Laffite had been captured twice, probably wounded once, and nearly taken again. There was a lesson to be learned from this season of near disasters, and Jean Laffite was no fool. If he needed any further admonition, the news of Pierre's death when it reached him sometime that spring should have been enough. However prepared each brother must have been for such an event given the hazard of their careers, the loss was the greatest of Jean's life. The two had been inseparable for the past decade and more. They thought alike and acted alike, a symbiotic pairing of complementary opposites. The loss of Pierre cost Jean his spiritual anchor, though they had not seen each other for many months.
It was time to try another tack. Laffite learned that Bolivar was commissioning private armed vessels into the Colombian state service, though no longer granting letters of marque. The distinction was a subtle one. The captains took prizes and shared in the proceeds, but they and their vessels were not free agents, but servants in a naval auxiliary of Colombia. Beluche was in the service now, and so was Laméson.53 By this time most of the surviving old corsairs who had not become outright pirates had been commissioned regular navy officers for Colombia, their vessels nationalized as public property. Jean's notoriety spoke for itself. A commission from Colombia would give him legitimacy and protection, and if he did not make his fortune from prize goods by observing Bolivar's rules, what he did at sea outside the gaze of officials could reward him handsomely.

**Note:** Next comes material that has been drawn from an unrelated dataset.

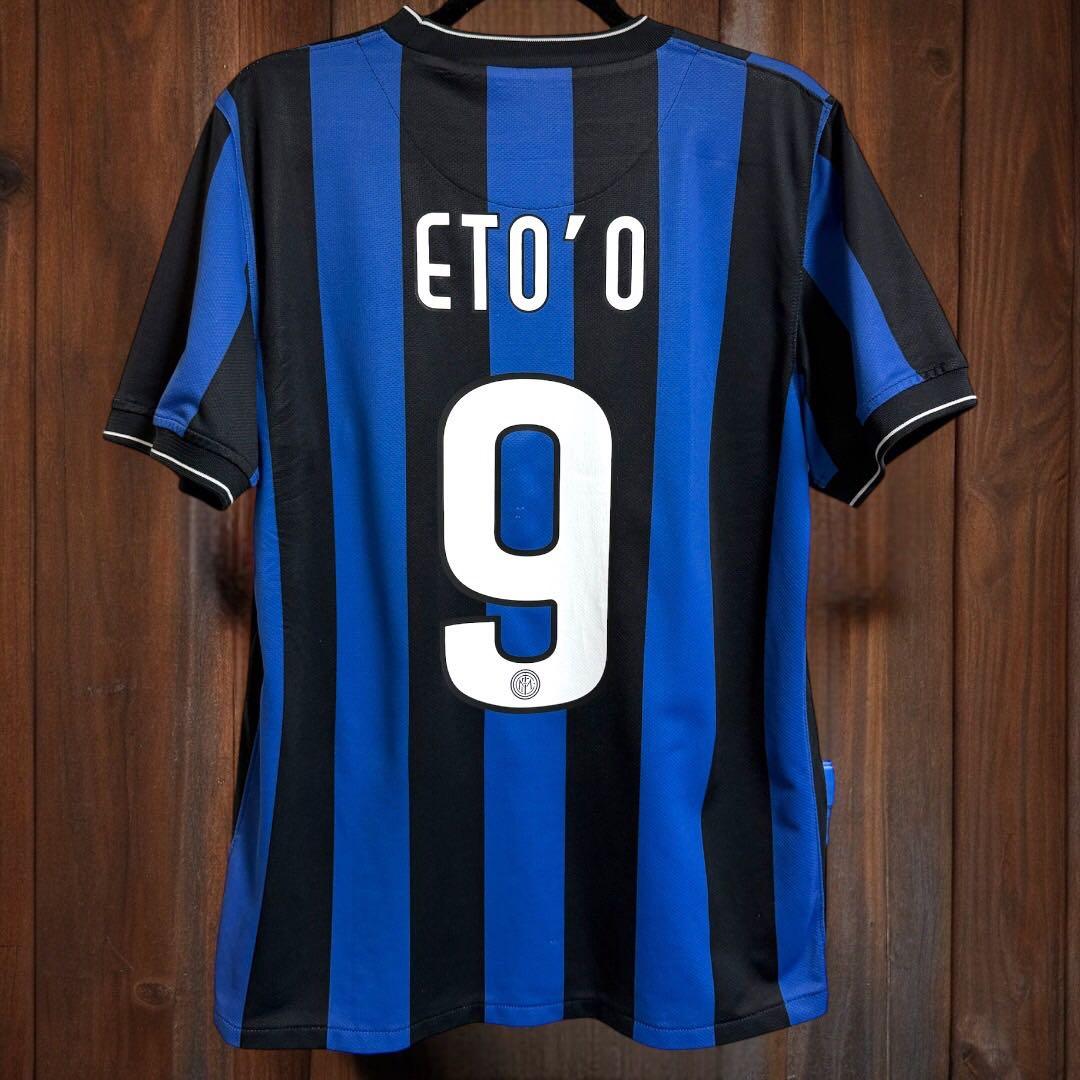 『正規品』インテル 09/10 エトー ユニフォーム ウェア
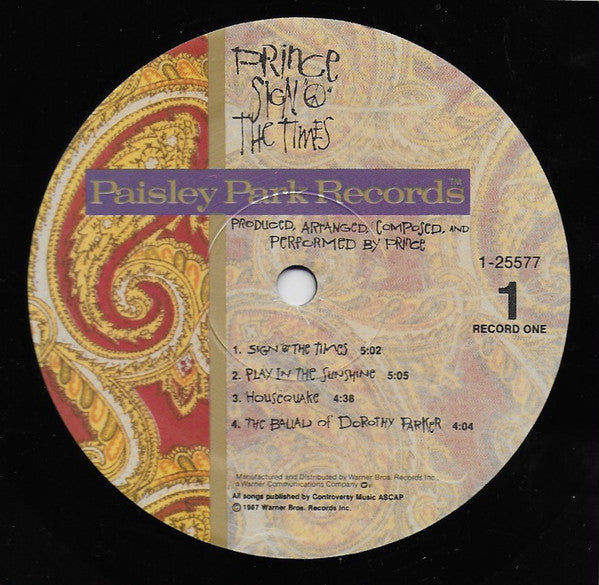 Sign "O" The Times - secondary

After escaping the Alligator in early May, Laffite decided that the Cuban coast was too hot for him, and sailed his remaining schooner south to Cartagena, a bustling metropolis of 170,000 people.54 He probably arrived early in June, within days of the arrival of the forty-ton schooner the General Santander, a Spanish vessel seized and nationalized by Colombia.55 She was named for General Francisco de Paula Santander, vice president of Colombia, and on August 19 she received her commission as a private armed vessel in service of Colombia.56 The Colombian naval authorities gave her to Jean Laffite to outfit, perhaps requiring him to post a bond and absorb some of the cost of converting her. By the first week of September he had her almost ready to leave on her first cruise, armed with a powerful eighteen-pounder, a brass four-pounder swivel gun, and thirty men. Americans in Cartagena who watched her outfitting sent warnings to the United States that "the famous Lafitte" would be on the seas again, and could be expected to prey not only on Spanish vessels but perhaps on American merch
antmen. 57
Why they would expect Laffite to take American ships they did not say, but Laffite soon demonstrated much less than his former punctiliousness in dealing with American shipping. Less than three weeks after embarking, he had the General Santander off the Dry Tortugas in the Straits of Florida, one hundred miles north of Havana. There on September 28 he sighted the brig the Sampson out of Mobile and boarded her at sea. For eight hours Laffite held the vessel while unloading her cargo, and according to her captain mistreated him physically before releasing the ship.58 If it was Laffite, as the corsair claimed to be, then it was an act of wanton piracy against a merchant vessel of a nation that enjoyed friendly relations with Bolivar and favored his nation building. Had he learned of it, Bolivar would have repudiated the action and rescinded Laffite's commission just as he had spurned Aury the year before.